Exploiting this vulnerability requires the attacker to manipulate the data stream between the instagrapi client and the legitimate Instagram API servers. This prerequisite aligns with the CVSS Attack Vector classification of Adjacent Network (AV:A). The attacker must achieve a privileged network position, typically operating a malicious proxy, intercepting corporate network traffic, or executing a Man-in-the-Middle (MitM) attack.

Once positioned, the attacker monitors outbound API requests initiating a login or signup sequence. When the Instagram API responds with a challenge payload, the attacker intercepts the HTTP response payload. They locate the JSON fields governing challenge navigation, specifically modifying the api_path or navigation.forward key to a payload such as @evil.corp/capture_endpoint.

The compromised response is forwarded to the instagrapi client. The client parses the JSON, extracts the malicious path, concatenates it, and executes the subsequent request. The attacker merely needs to monitor their external server (evil.corp) for incoming HTTP connections. These incoming requests will contain the full set of operational HTTP headers, yielding immediate access to the victim's authentication material.

The primary consequence of successful exploitation is the complete compromise of the application's Instagram session. By capturing the HTTP headers transmitted in the misguided request, the attacker obtains the authorization cookies and active session tokens associated with the client.

With these tokens, the attacker can impersonate the victim account, executing unauthorized actions via the Instagram API. This includes accessing private messages, modifying account settings, posting content, or extracting sensitive personal information. The impact strictly affects the confidentiality of the session data, reflected in the High Confidentiality (C:H) metric of the CVSS v3.1 vector.

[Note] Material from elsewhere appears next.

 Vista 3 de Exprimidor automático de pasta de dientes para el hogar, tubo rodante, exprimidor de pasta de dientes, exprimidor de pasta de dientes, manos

The vulnerability does not allow direct execution of arbitrary code on the host running the instagrapi client, nor does it affect the availability or integrity of the host operating system. The scope remains unchanged (S:U) as the breach pertains entirely to the application's authorization state rather than the underlying infrastructure.

Organizations and developers utilizing the instagrapi library must update the package to version 2.6.9 or later. This release incorporates the _safe_challenge_api_path validation checks, preventing the arbitrary routing of challenge responses to external network locations.

For environments where an immediate software update is structurally impossible, mitigation strategies are limited due to the inherent nature of the library's internal routing mechanisms. Network-level egress filtering can provide a temporary defense-in-depth measure. Restricting the outbound connectivity of the host application exclusively to documented Instagram API domains and subdomains ensures that even if the URL is manipulated, the outbound request to the attacker's server will be dropped by the firewall.

Security engineers should review deployment architectures to minimize the risk of adjacent network interception. Ensuring TLS certificate validation is strictly enforced on all network boundaries and proxy services reduces the likelihood of an attacker successfully injecting malicious payloads into the encrypted API communication stream.